What geniuses designed this terminal? What geniuses designed this airplane's interior?
What a difference actually giving a damn about one's passengers can mean.
WednesdayI am out here in this very hot desert in Rancho Mirage. The news about the economy continues to worsen. "Are you better off now than you were 4 years ago?" Not for most of us. For most of us, Mr. Obama has added about many thousands per person of national debt. The unemployment rate is still horrific. We have a crumbling stock market and a moribund real estate market. As I said above, the national mood is awful.

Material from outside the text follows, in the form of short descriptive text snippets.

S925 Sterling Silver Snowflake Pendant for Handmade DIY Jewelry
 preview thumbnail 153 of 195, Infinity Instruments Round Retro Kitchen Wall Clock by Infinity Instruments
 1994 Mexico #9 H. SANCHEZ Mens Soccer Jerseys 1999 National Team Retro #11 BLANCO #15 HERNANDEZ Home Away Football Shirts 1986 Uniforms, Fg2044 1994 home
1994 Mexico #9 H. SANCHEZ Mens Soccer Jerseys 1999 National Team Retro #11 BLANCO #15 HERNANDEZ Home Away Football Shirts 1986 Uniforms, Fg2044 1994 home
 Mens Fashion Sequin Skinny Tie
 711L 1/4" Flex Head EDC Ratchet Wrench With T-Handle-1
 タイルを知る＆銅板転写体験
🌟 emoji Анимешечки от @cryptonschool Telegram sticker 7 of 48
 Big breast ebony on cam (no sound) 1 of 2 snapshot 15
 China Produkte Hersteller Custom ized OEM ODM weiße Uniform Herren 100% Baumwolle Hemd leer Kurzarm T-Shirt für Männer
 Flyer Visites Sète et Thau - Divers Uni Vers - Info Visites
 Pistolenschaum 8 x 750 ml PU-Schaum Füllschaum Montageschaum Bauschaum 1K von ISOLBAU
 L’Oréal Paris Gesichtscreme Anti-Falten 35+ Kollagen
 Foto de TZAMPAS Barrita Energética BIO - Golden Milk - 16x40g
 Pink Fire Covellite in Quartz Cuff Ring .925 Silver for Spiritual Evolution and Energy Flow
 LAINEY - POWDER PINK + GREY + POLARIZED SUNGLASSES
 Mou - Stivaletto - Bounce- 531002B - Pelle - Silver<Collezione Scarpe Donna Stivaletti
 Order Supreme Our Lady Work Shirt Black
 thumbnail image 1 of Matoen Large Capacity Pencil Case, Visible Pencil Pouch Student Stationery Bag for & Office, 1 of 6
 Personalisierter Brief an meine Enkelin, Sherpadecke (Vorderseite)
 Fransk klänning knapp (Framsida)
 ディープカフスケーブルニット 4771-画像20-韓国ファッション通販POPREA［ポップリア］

Naturally, I have a few ideas, which I am putting together as "A Positive Program for a Lasting Recovery." Borrowing lavishly from my father and others, I have three preliminary ideas:
1.) Taxation to produce a budget balanced over the business cycle. Taxes cut automatically when unemployment reaches uncomfortable levels. That would yield a deficit and government spending to stimulate demand. Taxes raised to create a surplus when (and if) there is ever a frothy recovery. That would take money out of the system and retard demand. And taxes unchanged in (what we used to think was) normal prosperity. This is the full employment budgeting and taxing model. My father thought it up. He willed it to me and my sister.
2.) An educational system that makes sure that every graduate, whether planning to be a physicist or a dropout, knows a useful trade -- plumbing, electrician, roofer, TV repairman, power steering specialist, landscaper, picture framer -- a trade that will yield an actual job in case the graduate needs one.
3.) Cable TV and Internet channels teaching skills needed in the workplace around the clock.
4.) A prison system where our nearly 2 million prisoners will each have a trade and a skill he can use for a job when he gets out.
5.) A matching system that hooks up young people with retirees with useful skills and connections as teachers and mentors....
More to come. This Positive Program will be a mixture of public policy and private responsibility.
We have to try something. I know we can do it.